Text ticker with 16*8 LEDs and an ATtiny- or an ATmega-Controller

6 Assembler software algorithms for the ticker

I will not publish a complete software in assembler, because the possible versions are too numerous. Here I describe all elements that are necessary to compose the software:
  1. Running texts stored in flash and their selection,
  2. organizing the text display in SRAM,
  3. sending the text patterns to the LEDs,
  4. regulating the display speed,
  5. regulating the brightness of the display,
  6. for clocks: the second pulse.

6.1 Running texts in flash and their selection

An A as running text Texts stored in flash memory consist of a number of bytes, which determine the state of the 128 LEDs. For example an "A" here.

The3 first byte of an A consists of six bit that are set and of two bits that are cleared. Whether we assign the bits, beginning with the most upper LED, or with the lowest LED, is insignoficant: the hardware design determines that.

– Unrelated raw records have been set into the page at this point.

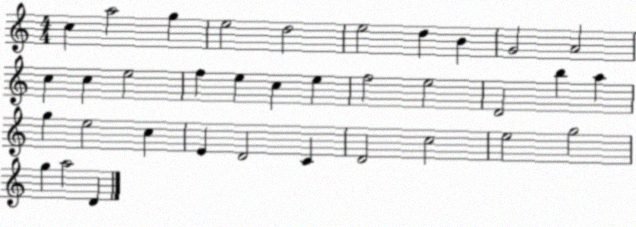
X:1
T:Untitled
M:4/4
L:1/4
K:C
c a2 g e2 d2 e2 d B G2 A2 c c e2 f e c e f2 e2 D2 b a g e2 c E D2 C D2 c2 e2 g2 g a2 D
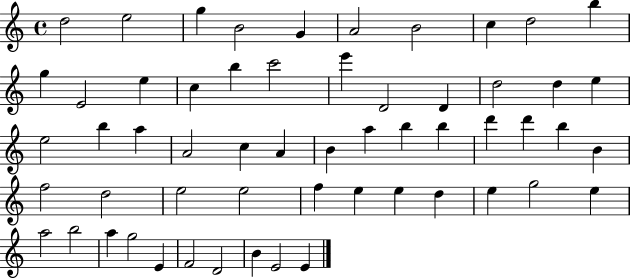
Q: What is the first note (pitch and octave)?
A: D5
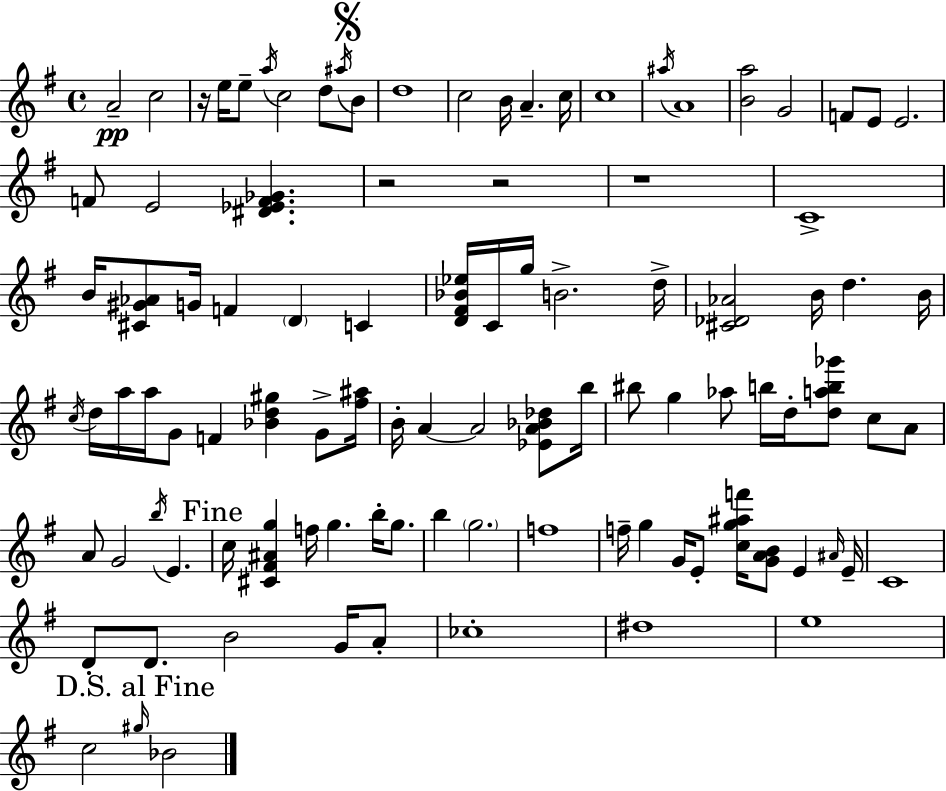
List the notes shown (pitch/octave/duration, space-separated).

A4/h C5/h R/s E5/s E5/e A5/s C5/h D5/e A#5/s B4/e D5/w C5/h B4/s A4/q. C5/s C5/w A#5/s A4/w [B4,A5]/h G4/h F4/e E4/e E4/h. F4/e E4/h [D#4,Eb4,F4,Gb4]/q. R/h R/h R/w C4/w B4/s [C#4,G#4,Ab4]/e G4/s F4/q D4/q C4/q [D4,F#4,Bb4,Eb5]/s C4/s G5/s B4/h. D5/s [C#4,Db4,Ab4]/h B4/s D5/q. B4/s C5/s D5/s A5/s A5/s G4/e F4/q [Bb4,D5,G#5]/q G4/e [F#5,A#5]/s B4/s A4/q A4/h [Eb4,A4,Bb4,Db5]/e B5/s BIS5/e G5/q Ab5/e B5/s D5/s [D5,A5,B5,Gb6]/e C5/e A4/e A4/e G4/h B5/s E4/q. C5/s [C#4,F#4,A#4,G5]/q F5/s G5/q. B5/s G5/e. B5/q G5/h. F5/w F5/s G5/q G4/s E4/e [C5,G5,A#5,F6]/s [G4,A4,B4]/e E4/q A#4/s E4/s C4/w D4/e D4/e. B4/h G4/s A4/e CES5/w D#5/w E5/w C5/h G#5/s Bb4/h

And we start with the lowest LED in the column as the least significant bit. That means we have to shift the most significant bit to the carry flag first, designated for bit 7 of the shift registers 4094 (or rather Q8 of the chip). If our hardware would be inversed, we have to shift the least significant bit first. So the only difference would be an "LSR"- instead of an "LSL"-instruction.

After shifting the eight bits into the shift register 4094-1 the shift row should be correct: the most significant bit of the A goes to Q8 of the shift register, the least significant one finally to Q1.

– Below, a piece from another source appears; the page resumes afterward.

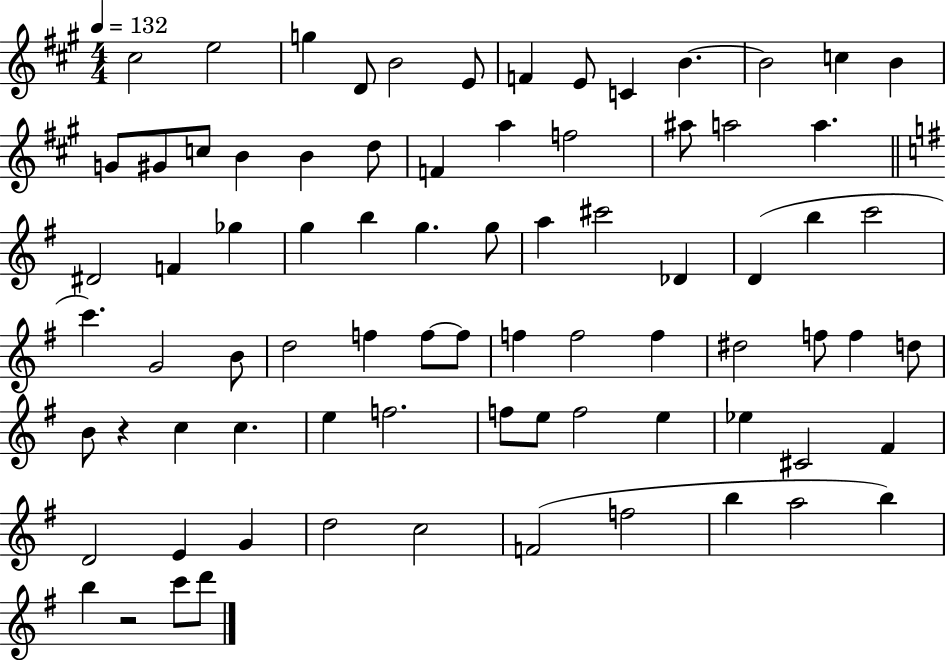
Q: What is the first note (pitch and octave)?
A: C#5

The first byte of the A in the selected rowing is binary 0b0011.1111 or decimal 63. In the second byte of the A only the four-bit and 64-bit is set, which is decimal 68. The complete A in the flash memory looks like this:

  .db 63,68,132,68,63

That line would give a warning by the assembler: the number of bytes in the line is odd, and the assembler would add a zero to that. That zero is a blank column, and is the space between the A and the next character to be displayed. With a 5-by-8 font, the zero is fine. With a 6-by-8 font, place two characters in one .db line to avoid assembler-added zeroes.

If the text ticker runs from right to left, we would have to send the A bytes in this row like listed above.

Not that easy is the recognition if the text is at its end, and the output has to restart from the beginning. We can not use zero as detection because we need the zero for blank columns in beteen the characters. So either we use a pointer to the end of the text line, or we use a unique pattern of bytes to detect the end. That pattern could be, e. g. five times 0xAA in a row. So whenever we see an 0xAA we'll have to read the next five bytes and if those are 0xAA as well we end the text output and restart from the beginning.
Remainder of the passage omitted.